Corporate Boards are finally putting data security on the agenda

Canadian companies are doing more than most to secure their data, but boards need to keep the pressure on




Since the world’s most secure organization was infamously exposed by a contractor, companies have been on the lookout for their very own Edward Snowdens. In a recent survey of corporations, the top four groups labelled most likely to be the source of cyber security incidents all worked inside the building.

North American respondents to PricewaterhouseCoopers “The Global State of Information Security Survey 2016” (including 157 Canadian firms) rated current employees as the most likely source of breaches, followed by former workers, then current and former service providers, consultants and contractors:


When not even the NSA’s panopticon-level security apparatus can save it from being breached, what can the average business hope to do to keep its information secure? A lot more, it turns out.
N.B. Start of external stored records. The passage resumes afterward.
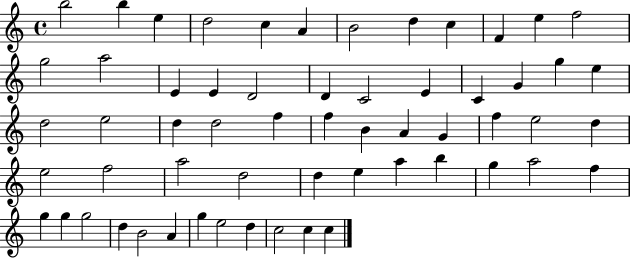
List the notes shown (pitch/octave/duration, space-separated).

B5/h B5/q E5/q D5/h C5/q A4/q B4/h D5/q C5/q F4/q E5/q F5/h G5/h A5/h E4/q E4/q D4/h D4/q C4/h E4/q C4/q G4/q G5/q E5/q D5/h E5/h D5/q D5/h F5/q F5/q B4/q A4/q G4/q F5/q E5/h D5/q E5/h F5/h A5/h D5/h D5/q E5/q A5/q B5/q G5/q A5/h F5/q G5/q G5/q G5/h D5/q B4/h A4/q G5/q E5/h D5/q C5/h C5/q C5/q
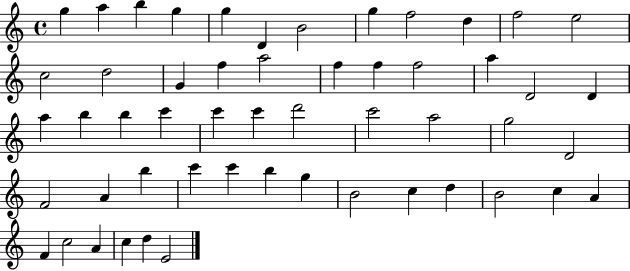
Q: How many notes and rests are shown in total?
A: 53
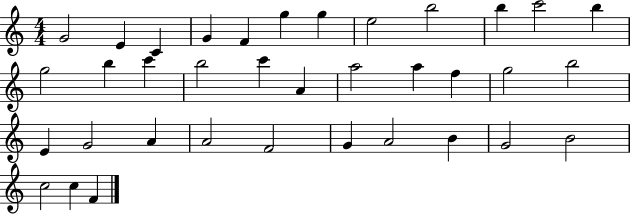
X:1
T:Untitled
M:4/4
L:1/4
K:C
G2 E C G F g g e2 b2 b c'2 b g2 b c' b2 c' A a2 a f g2 b2 E G2 A A2 F2 G A2 B G2 B2 c2 c F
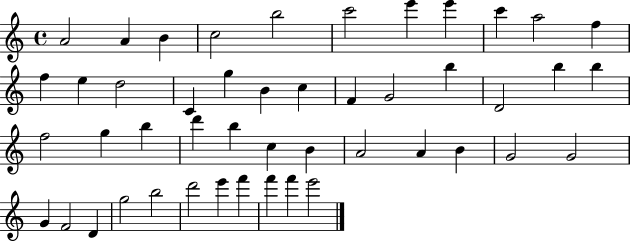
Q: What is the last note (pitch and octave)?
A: E6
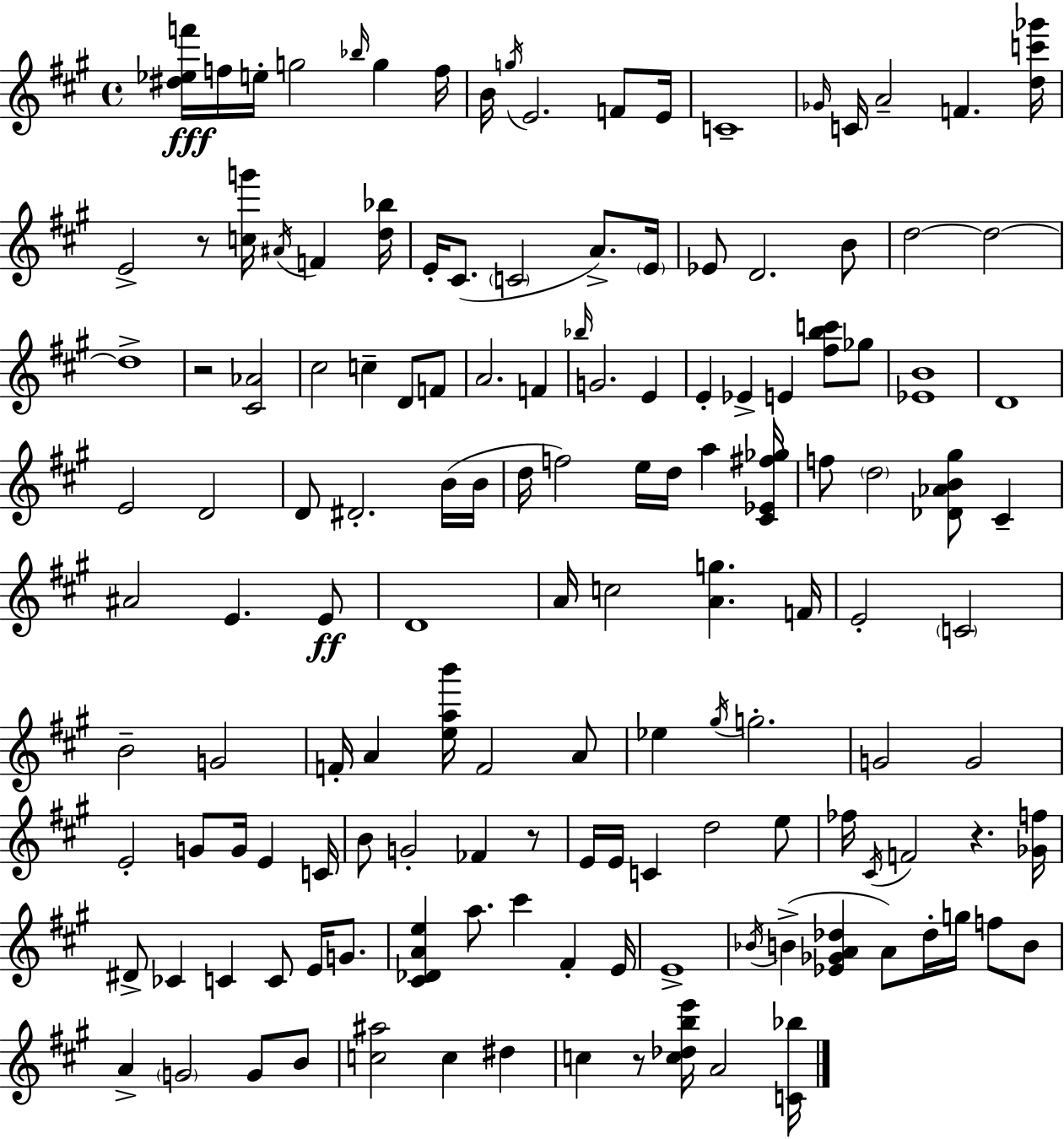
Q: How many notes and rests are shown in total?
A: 142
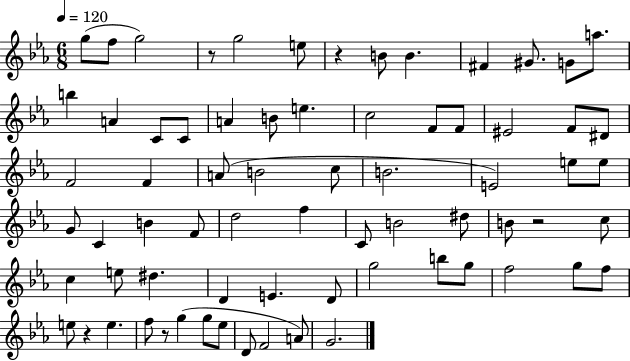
X:1
T:Untitled
M:6/8
L:1/4
K:Eb
g/2 f/2 g2 z/2 g2 e/2 z B/2 B ^F ^G/2 G/2 a/2 b A C/2 C/2 A B/2 e c2 F/2 F/2 ^E2 F/2 ^D/2 F2 F A/2 B2 c/2 B2 E2 e/2 e/2 G/2 C B F/2 d2 f C/2 B2 ^d/2 B/2 z2 c/2 c e/2 ^d D E D/2 g2 b/2 g/2 f2 g/2 f/2 e/2 z e f/2 z/2 g g/2 _e/2 D/2 F2 A/2 G2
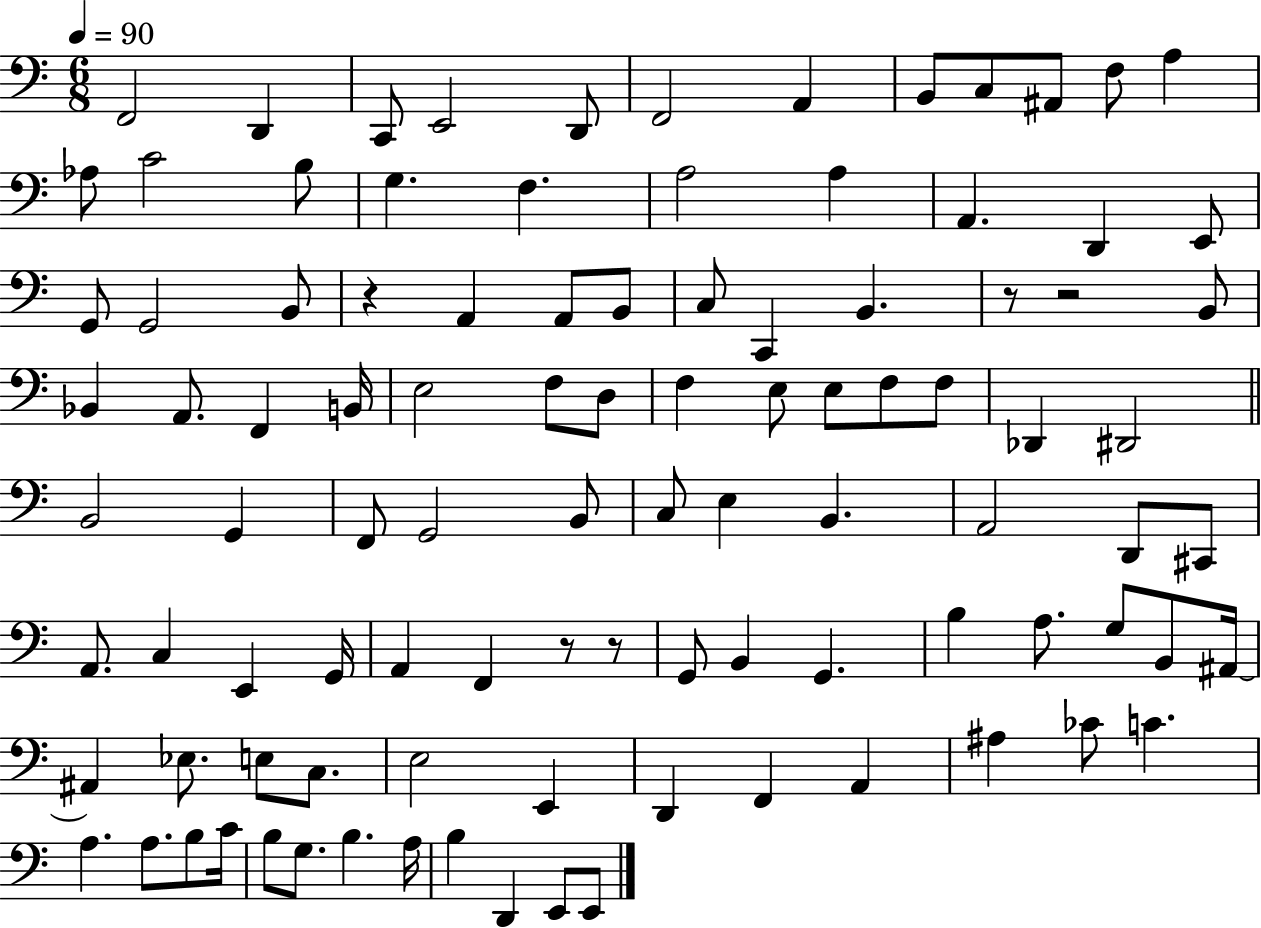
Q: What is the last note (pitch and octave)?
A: E2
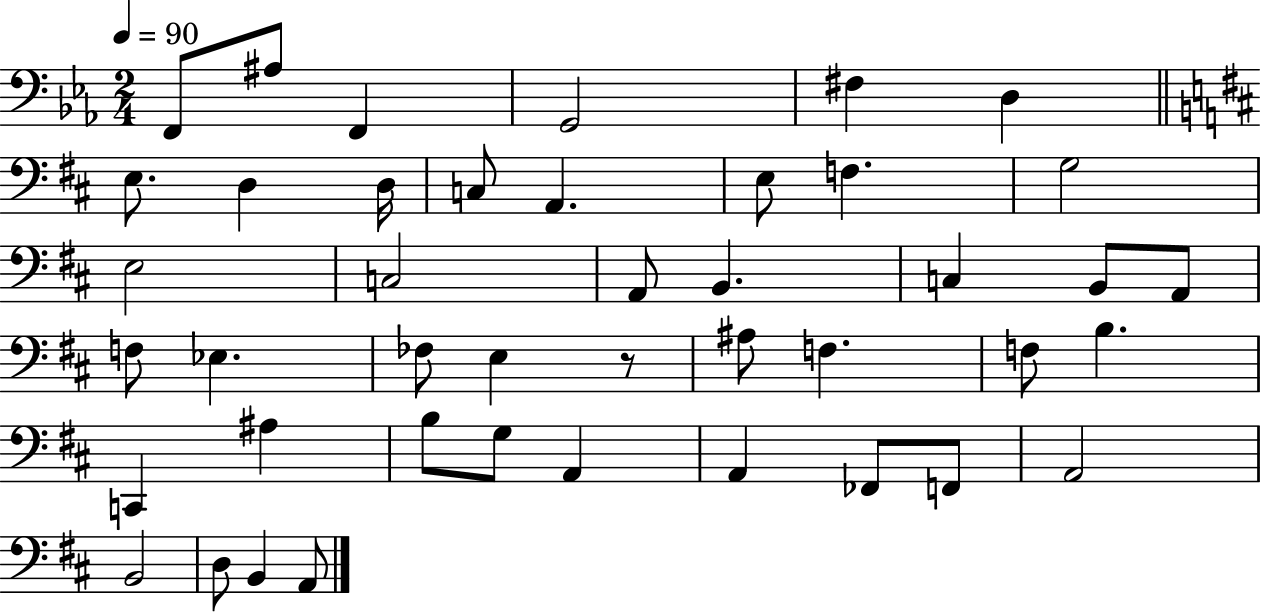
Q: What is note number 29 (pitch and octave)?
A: B3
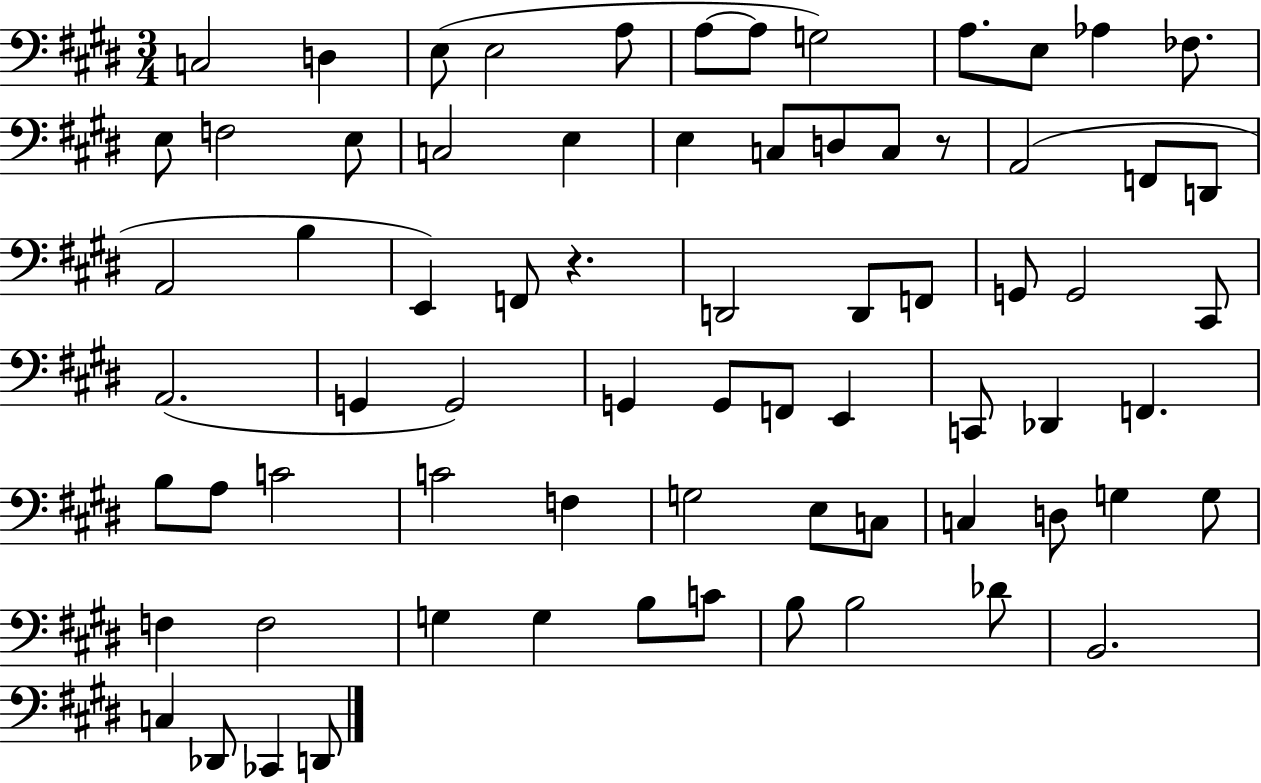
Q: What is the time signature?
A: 3/4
While Canadians were more likely than the rest of the survey respondents to have security measures in place, the numbers are still remarkably low for a business population that witnessed first hand the Ashley Madison/Avid Media hack last year. While 92% of Canadian respondents have some sort of security framework in place, only 57% employ employee training and awareness programs and just half conduct threat assessments.

The one grace note to these generally middling results: boards are starting to pay more attention to the risks associated with information security. Active participation in security budgets doubled from a quarter to half from 2014 to 2015, while discussion of specific policies and technologies also increased significantly (from 25% to 37% and 16% to 36% respectively).

As consumers become more aware and concerned about companies’ use and protection of their data, cyber security is likely to move up board agendas.  In the digital age, a major hack can sink a business just as easily as a tsunami.